Illustrative embodiments of the present disclosure are directed to methods and treatment fluids for treating an organic shale formation to increase permeability. FIG. 1 shows an example of the method 100. At process 102 of the method, an organic shale formation is treated with a treatment fluid. The treatment fluid is transported to a portion of the shale formation using a wellbore that traverses the formation. The treatment fluid includes a solvent that dissolves bitumen in the shale formation and increases permeability of the shale formation. After treating the shale formation with the treatment fluid, at process 104, oil is recovered from the shale formation. By removing bitumen from pores and pore throats within the formation, the solvent increases permeability of the formation and allows mobile oil to flow more easily through the formation. Details of illustrative embodiments are provided below.

The treatment fluid can have one or more components with different concentrations. For example, in one embodiment, the treatment fluid is composed of a pure solvent (e.g., 100% concentration) or a combination of two or more solvents. In another embodiment, the treatment fluid is composed of one or more solvents and one or more other components. The concentration of the solvent within the treatment fluid can vary from 0.01% to 100%.

Various different types of solvents can be used to dissolve bitumen within the organic shale formation. For example, the solvent can be a terpene-based solvent. More specifically, the terpene-based solvent is a limonene-based solvent (e.g., d-limonene) and/or a pinene-based solvent (e.g., turpentine). Many terpene-based solvents are biodegradable. The solvent may also be cyclohexanone, N-methylpyrrolidinone, an aromatic fluid, a dialkyl ether, an alkenoic acid ester, 2-methyltetrahydrofuran, an alkylated fatty acid, and/or a fatty acid alkyl ester (e.g., biodiesel, methyl caprylate/caprate, methyl laurate, methyl myristate, canola methyl ester, soya methyl ester, methyl and/or palmitate/oleate). The solvent may include a combination of two or more of the components listed above in this paragraph. In various embodiments, xylene is not used as a solvent.

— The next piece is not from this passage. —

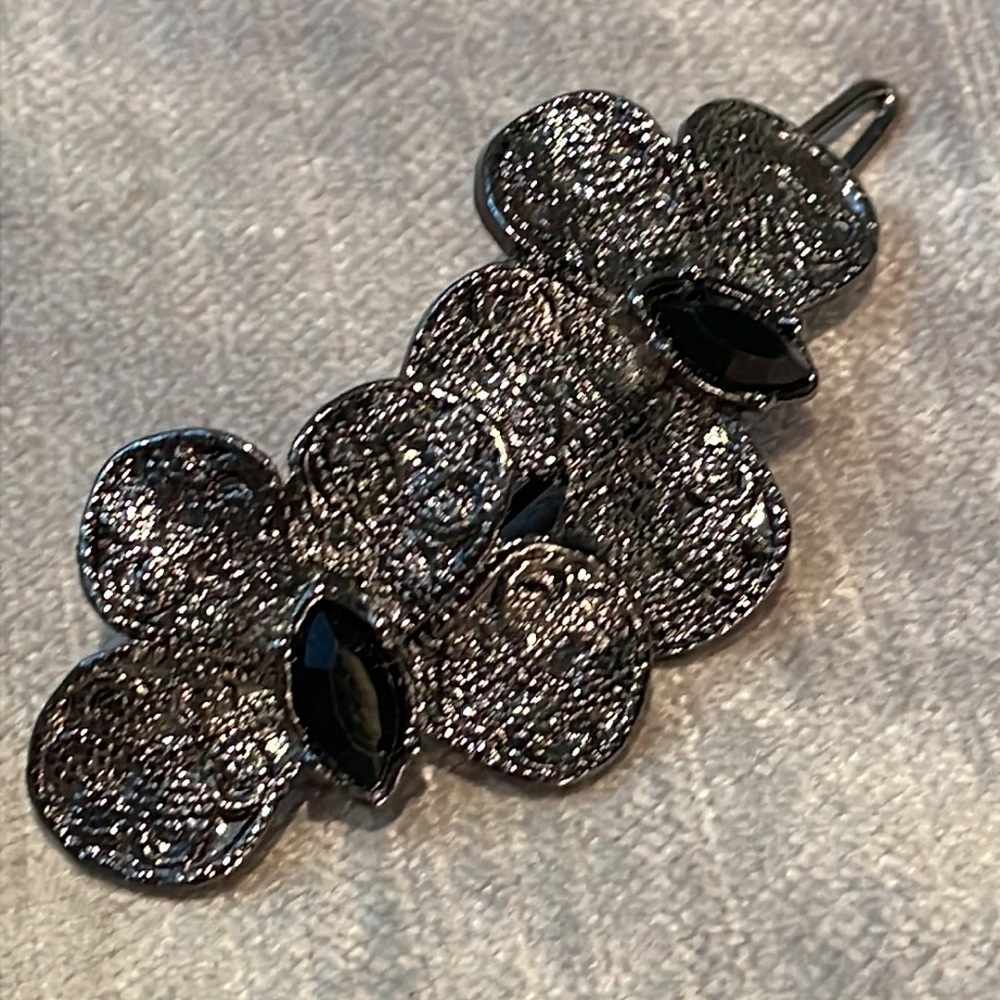 Flower Hairclip Gunmetal hair jewelry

As explained above, the treatment fluid can include one or more other components. For example, the treatment fluid may include a diluent, such as water or a gas-based foam. The gas-based foam can include nitrogen, carbon dioxide, methane, and/or propane. The solvent is diluted within the diluent.

In embodiments where the diluent is water, a surfactant can be used to create an emulsion between the water and the solvent. The emulsion is used to make a stable mixture of the solvent and the water. The surfactant can be a nonionic ethoxylated surfactant that includes (i) an alcohol, (ii) an octyl-phenol or nonylphenol, (iii) a sorbitan fatty-acid ester, and/or (iv) a fatty acid. Alternatively or additionally, the surfactant can be an anionic surfactant, such as an alkyl sulfate, a dialkyl sulfosuccinate, and/or a linear alkyl benzene sulphonate. In some embodiments, the solvent is emulsified within the water (where water is the external phase). In other embodiments, the water is emulsified within the solvent (where solvent is the external phase).

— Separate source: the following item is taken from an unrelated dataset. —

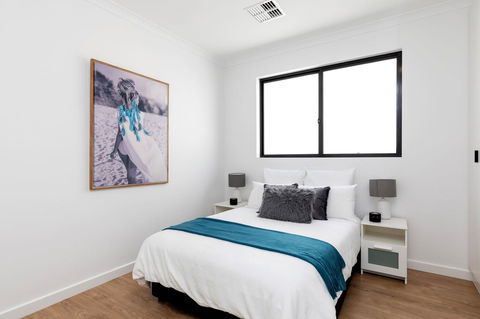 Brand New Affordable Luxury 3 Bedroom 3 Bathrooms House Close To Adelaide City, Chinatown, Beach, Adelaide Airport - Accommodation Yamba 11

Various embodiments of the treatment methods and treatment fluids described herein have application in hydraulic fracturing operations. FIG. 2 shows a hydraulic fracturing operation in accordance with one embodiment of the present disclosure. The hydraulic fracturing operation is performed in a production wellbore 200 that traverses an organic shale formation 202. The fracturing operation is performed by pumping a treatment fluid (liquid, gaseous, or a combination) into the wellbore from a surface reservoir 204 using a pump 206. The treatment fluid communicates with the formation through a series of perforations 208. In other embodiments, the treatment fluid communicates with the formation through port collar opening devices or through injection into uncased open-hole intervals. The treatment fluid may be hydraulically confined to a particular portion of the wellbore by using packers (210 and 212). For example, if the wellbore includes a completion with packers, then some or all of the perforations 208 in a particular area may be hydraulically isolated from other portions of the wellbore so that the fracturing is performed on a particular portion of the shale formation 202. In order to implement the fracturing operation, the pressure of the treatment fluid is increased using the pump 206. The communication of that increased pressure to the shale formation 202 creates new fractures and widens existing fractures (collectively, fractures 214 in the formation).

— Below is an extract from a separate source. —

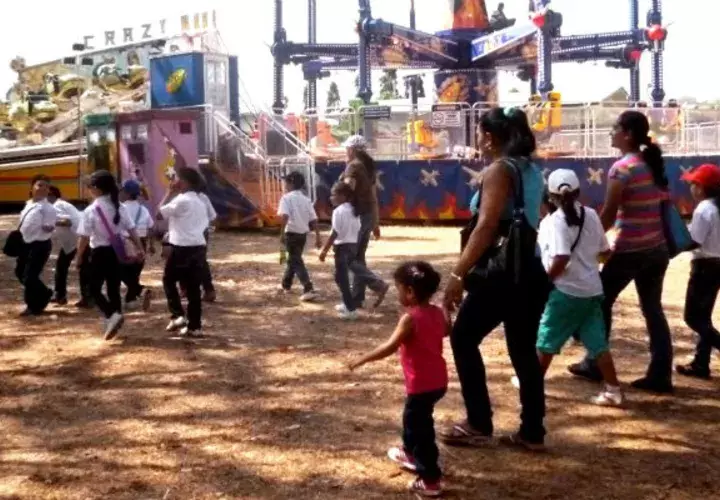 En la feria instalarán tres parques mecánicos. Foto: Thays Domínguez.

The treatment methods and treatment fluids described herein can be used to further enhance permeability of the organic shale formation 202 during the hydraulic fracturing operation. In one such embodiment, the solvent is a component of the treatment fluid (e.g., hydraulic fracturing fluid). In various embodiments, the concentration of the solvent within the treatment fluid is from 0.01% to 5.0%. In one embodiment, the solvent is emulsified in an aqueous treatment fluid using a surfactant. The solvent flows into the fractures 214 of the formation and/or the solid matrix 202 of the formation and dissolves bitumen within the fractures, pore throats, and/or pores of the shale formation. The treatment fluid then flows back from the formation 202 and into the wellbore 200. As the treatment fluid flows back into the wellbore 200, the fluid carries the dissolved bitumen with it. By removing a portion of the bitumen, the solvent within the treatment fluid enhances the permeability of the shale formation 202. Additionally or alternatively, a treatment fluid with the solvent can be used as a spearhead fluid. Spearhead fluids are used to treat the shale formation 202 prior to performing the main fracturing treatment and to remove perforation debris from the near-wellbore zone.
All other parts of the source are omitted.